Ha aperto le danze giovedi 8 giugno Bobo. Una bottiglia di vino rosso per non tradire le buone tradizioni di un artista che non canta soltanto, ma soprattutto racconta della vita, delle sue sventure oltre a quelle di un Piero Ciampi che omaggia. Che scherza, bercia, ride. Fa ridere tanto, ma soprattutto è consapevole di portare dolore a chi si è presentato dinanzi al palco di Piazza dei Cavalieri in preda a proprie sofferenze d'amore e non. Le medesime alle quale infatti egli dà forma e sostanza attraverso un tono di voce che sembra direttamente partorito negli anni '60 e aver conservato un calore intatto sino ai giorni nostri. "Ciampi ve lo faccio vedere" si presenta come uno spettacolo di intrattenimento senza confini, in cui tutto partecipa, che possegga un'anima o meno. Dal passaggio di una volante della polizia o di un'ambulanza, ai divertenti siparietti con i suoi musicisti, ai paragoni mai volgari tra Pisa e Livorno. In una sequenza da teatro-canzone più gucciniana che gaberiana, corrono l'una dopo l'altra senza rovinarsi "Tu no", "Il vino", "Il merlo", "Sporca estate" e altri battiti che essenzialmente si riconducono a uno stato d'animo inquieto, rivolto al passato, puntato nel tentativo di recuperare qualcosa di compromesso o in un suo ricordo soltanto. Bobo alza il livello con padronanza, conquista il palco in sordina e chiude l'esibizione con una versione de "La Canzone dell'Amor perduto" di tutto polso e cuore. Applausi, ma anche strette di mano e abbracci.

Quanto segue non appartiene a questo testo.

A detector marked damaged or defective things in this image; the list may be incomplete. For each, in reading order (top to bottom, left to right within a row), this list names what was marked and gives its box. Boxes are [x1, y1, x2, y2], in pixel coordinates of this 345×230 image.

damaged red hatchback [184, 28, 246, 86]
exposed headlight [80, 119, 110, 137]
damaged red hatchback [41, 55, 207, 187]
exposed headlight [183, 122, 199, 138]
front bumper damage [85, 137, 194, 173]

E il giorno dopo tocca a lei. Alla prodigiosa siciliana di Torino appena trentenne, che ritorna a Pisa per la terza volta, ma è al suo esordio assoluto in Cavalieri, all'aperto e a capo di uno show tutto suo. La tappa pisana del tour di "Nel caos di stanze stupefacenti" mette in mostra una Levante giunta a una maturazione importante. Il pop e il movimento la fanno da padroni, stillando nel pubblico la consapevolezza di dover fare parte integrante del concerto, di essere una componente basilare al seguito della "capa", Claudia Lagona per gli annali. Che al suo terzo disco in soli quattro anni, dopo "Manuale Distruzione" del 2014 e "Abbi cura di te" del 2015, applica una svolta alla sua dimensione artistica. Levante è cosciente di aver messo da parte una veste più intimistica e indie a favore di un approccio commerciale, più diretto e "cattivo" se vogliamo. Nelle canzoni di Levante emergono rabbia e forza principalmente. Basta fermarsi ad ascoltare "Io ti maledico", "Non me ne frega niente", per esempio, che inneggiano a una ribalta di sè. Allo stesso tempo, non possono mancare momenti di pura sospensione del tempo che vivono in brani della prima ora come "Sbadiglio", "Memo". Non è sufficiente la parola al pensiero. C'è bisogno di un suono, della musica a esprimere la magia di alcuni ragionamenti, che in questo modo riescono ad alzarsi in volo e ad accomunare le menti.
Immagini tratte da:
Foto dell'autore Bobo Rondelli (Eva Dei) Foto dell'autore Levante (Alice Marrani)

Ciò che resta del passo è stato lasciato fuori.